Received: 24 November 2022 | Accepted: 12 December 2022 | Published: 22 December 2022
Keywords: Antibiotic resistance, carbapenemases, Enterobacteriaceae, β-lactamase, Shendi, Sudan.
Introduction: One of the most serious issues in medicine is the increasing resistance of Enterobacteriaceae to antimicrobial agent’s especially broad-spectrum antibiotics such as Cephalosporins and Penicillins. This fact is associated with higher mortality and morbidity rates, prolonged hospital stays, and increased treatment-related costs. Carbapenems are the last line for the treatment of infection caused by bacteria resistance to a broad spectrum of antibiotics.
Objective: This study aimed to detect the Distribution of Carbepanems Resistance in Enterobacteriaceae Pathogens Isolated from Clinical Samples in the Shendi locality
Method: Cross-sectional study and a laboratory-based study was carried out on 63 isolates from different specimens, 63 types of pathogenic bacteria were isolated and identified using Gram stain, biochemical reactions, and testing for their susceptibility to Carbapenems antibiotics was performed for all Enterobacteriaceae isolates.

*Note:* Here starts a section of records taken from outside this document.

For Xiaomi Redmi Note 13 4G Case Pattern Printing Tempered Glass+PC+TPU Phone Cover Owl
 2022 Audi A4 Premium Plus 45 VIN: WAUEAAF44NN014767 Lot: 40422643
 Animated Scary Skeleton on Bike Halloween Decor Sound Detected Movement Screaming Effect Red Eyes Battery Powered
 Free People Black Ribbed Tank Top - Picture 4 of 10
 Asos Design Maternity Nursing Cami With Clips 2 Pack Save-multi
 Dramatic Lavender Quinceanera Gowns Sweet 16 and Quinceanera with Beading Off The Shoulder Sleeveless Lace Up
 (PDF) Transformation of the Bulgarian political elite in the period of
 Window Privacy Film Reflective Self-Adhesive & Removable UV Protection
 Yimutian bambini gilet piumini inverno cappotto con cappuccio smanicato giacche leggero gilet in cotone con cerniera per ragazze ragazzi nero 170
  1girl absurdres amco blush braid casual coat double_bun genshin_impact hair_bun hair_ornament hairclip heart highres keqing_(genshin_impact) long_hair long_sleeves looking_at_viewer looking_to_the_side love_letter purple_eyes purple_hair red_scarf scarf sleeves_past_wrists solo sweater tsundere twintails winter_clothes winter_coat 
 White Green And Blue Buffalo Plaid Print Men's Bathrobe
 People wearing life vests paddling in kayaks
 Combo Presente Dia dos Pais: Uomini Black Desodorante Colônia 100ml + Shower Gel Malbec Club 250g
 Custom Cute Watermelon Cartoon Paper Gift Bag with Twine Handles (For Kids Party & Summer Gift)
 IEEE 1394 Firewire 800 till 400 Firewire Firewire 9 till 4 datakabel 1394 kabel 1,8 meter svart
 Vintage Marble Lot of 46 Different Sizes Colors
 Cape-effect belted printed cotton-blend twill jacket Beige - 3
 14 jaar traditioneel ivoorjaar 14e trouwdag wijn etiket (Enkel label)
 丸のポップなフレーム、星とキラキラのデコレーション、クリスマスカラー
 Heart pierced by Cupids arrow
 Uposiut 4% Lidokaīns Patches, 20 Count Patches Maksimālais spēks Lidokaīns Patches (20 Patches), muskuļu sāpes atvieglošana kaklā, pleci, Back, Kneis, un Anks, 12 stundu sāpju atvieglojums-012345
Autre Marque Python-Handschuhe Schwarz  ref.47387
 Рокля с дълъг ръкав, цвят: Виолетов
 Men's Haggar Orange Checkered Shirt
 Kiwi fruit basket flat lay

Result: The isolated Enterobacteriaceae comprising of 19.0(30.2%) E. coli, 17 (27.0%) K. pneumoniae, 13(20.6%) P. vulgaris, 5(7.9%) P. mirabilis, 1(1.6%) Enterobacter species, 3(4.8%) C.freundii and 5(7.9%) M. morganii.Carbapenem (Imipenem and meropenem) susceptibility testing showed that 36.0% of Enterobacteriaceae isolates were Carbapenem resistant.Conclusions: The study revealed the low resistance pattern of Enterobacteriaceae to Carbapenems. Despite that E. coli (19.0, 30.0%) was the most isolated organism, K. pneumonniae (7.0, 11.0%) was the most resistant isolate to Carbapenems. The urine sample had the highest degree of resistance. There was a correlation between patients with chronic diseases such as cancer and the resistance level to Carbapenems, while there was no statistical significance between the period of antibiotics usage and the degree of resistance.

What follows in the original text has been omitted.